Los derechos no siempre son civiles.
El acuerdo de paz en Irlanda del Norte se vio zarandeado hace unas semanas por los católicos del IRA, y en estos últimos días por los protestantes de Orange. Pero, en ambos casos, las comunidades han tenido el buen acuerdo de recurrir a la guerra menor, aunque dos veces civil, en el interior de su propio colectivo, en vez de a la guerra civil en primera instancia, o intercomunitaria. En el caso de los primeros, se ha tratado de ajustes de cuentas, violentas llamadas al orden por parte de la guerrilla oficial contra disidentes varios, o amagos menores de la guerrilla insumisa. En el caso de los segundos, los enfrentamientos se han producido contra la policía del Ulster, tan protestante como ellos mismos, pero que ha impedido que hasta ahora la temporada de desfiles conmemorativos de la instalación del régimen sectario atravesara ciertos barrios católicos, porque si lo hacen se arma.El presente acuerdo, que falta hacer definitivo pero marcha por buen camino, se basa en que los católicos aceptan la pertenencia de la provincia al Reino Unido, y que los protestantes admiten que si un día las urnas dicen lo contrario la isla podrá reunificarse. Como esto último es poca cosa, se ha instalado también un sistema de gobierno conjunto de las dos naciones -británicos protestantes e irlandeses católicos- con garantías contra la discriminación sobre la minoría papista.

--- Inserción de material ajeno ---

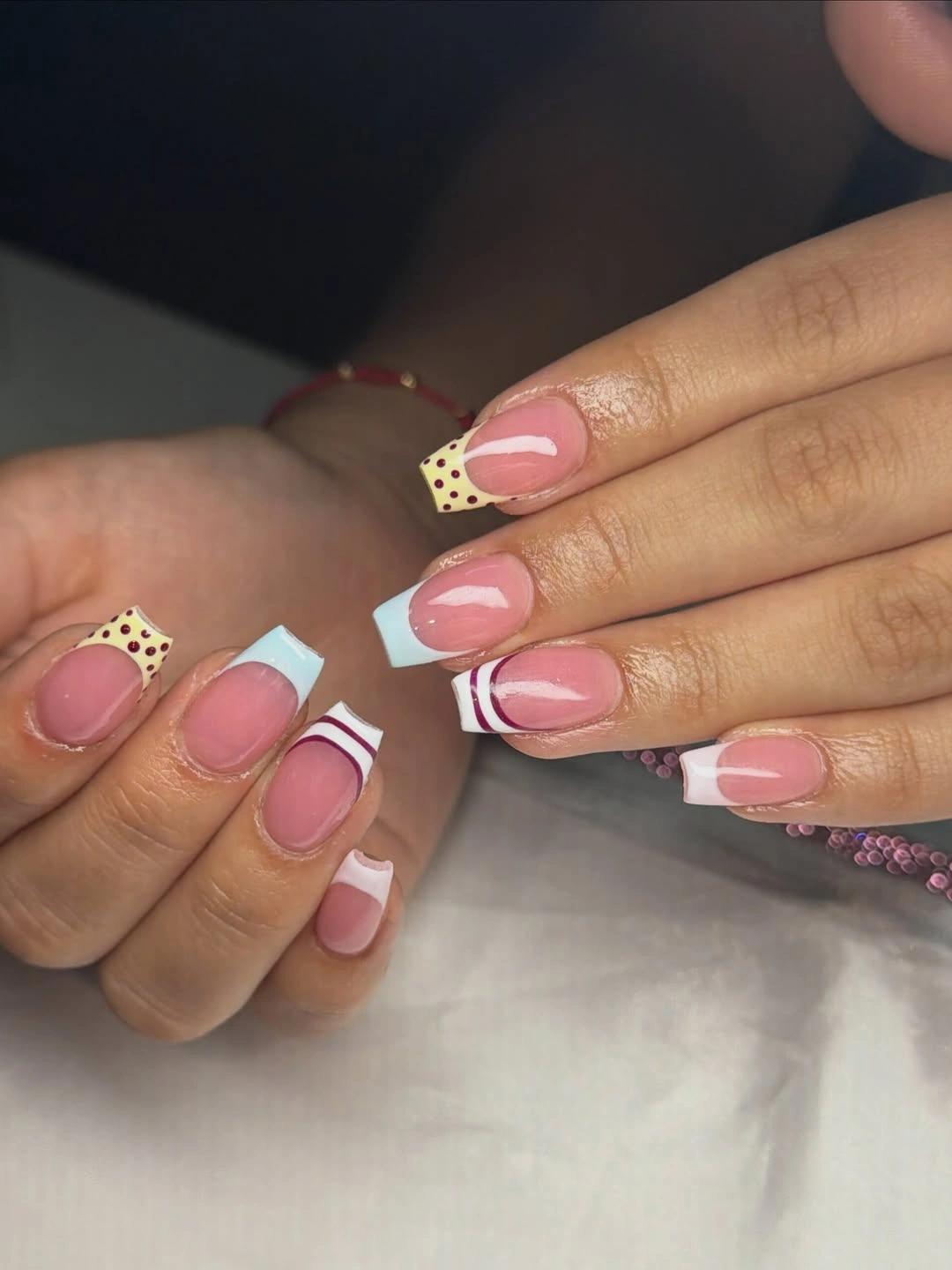 Short rounded square pink nails with checks curves and tiny color accents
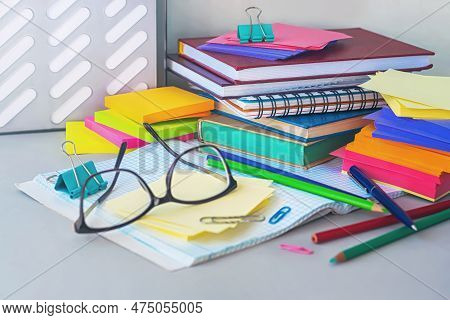 Glasses On The Background Of Colored Pencils And Paper, Selective Focus.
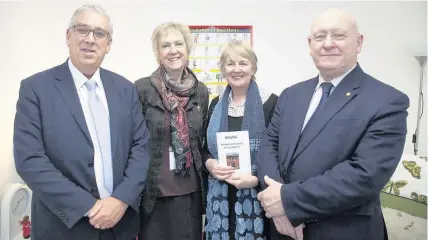  ??  ?? Police and Crime Commission­er Arfon Jones, left, officially opens the new Rape & Sexual Abuse Support Centre in Bangor, with deputy chair for RASASC Nonn Williams, AM Siân Gwenllian and MP Hywel Williams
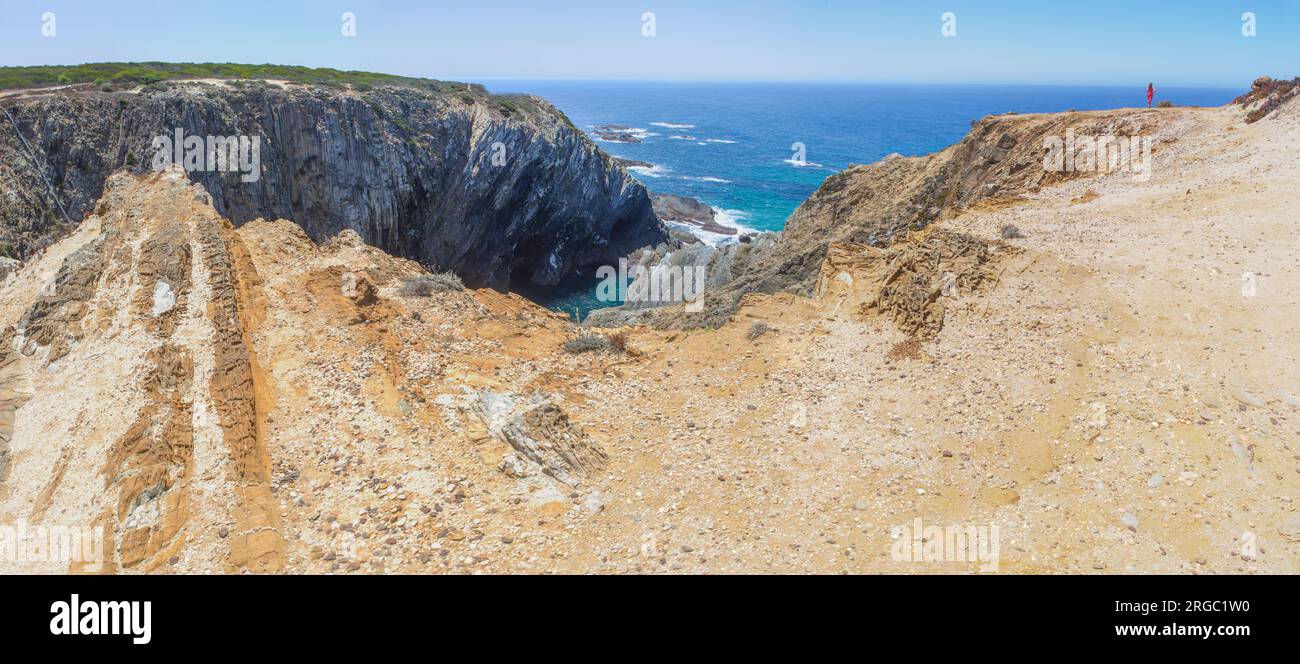 Weibliche Besucherin, die die Klippen der Küste von Cabo Sardao, Ponta do Cavaleiro, Sao Teotonio, Portugal betrachtet Stockfoto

Pero en todo ello reina un equívoco. El IRA hace ver que no ha sido derrotado militarmente -aunque sobreviva -al retener la propiedad eminente sobre un armamento a cuyo usufructo, sin embargo, ha renunciado, ahora bajo la supervisión de una veeduría independiente. Y el orangismo hace ver que nada ha cambiado en su hegemonía social y política, aunque tenga que admitir católicos en el Ejecutivo de Belfast.
Y esa hegemonía se expresa con toda la pompa de entorchadas procesiones para celebrar la victoria militar del protestantismo en 1690 contra el pretendiente católico al trono de las Islas. Esos son los derechos civiles que la mayoría norirlandesa reivindica para sentirse a gusto en su piel, para garantizarse a sí misma que suelo tan sangriento siga siendo británico para la eternidad, como aquel rincón de tierra extraña que en la I Guerra confiscó poéticamente Rupert Brooke.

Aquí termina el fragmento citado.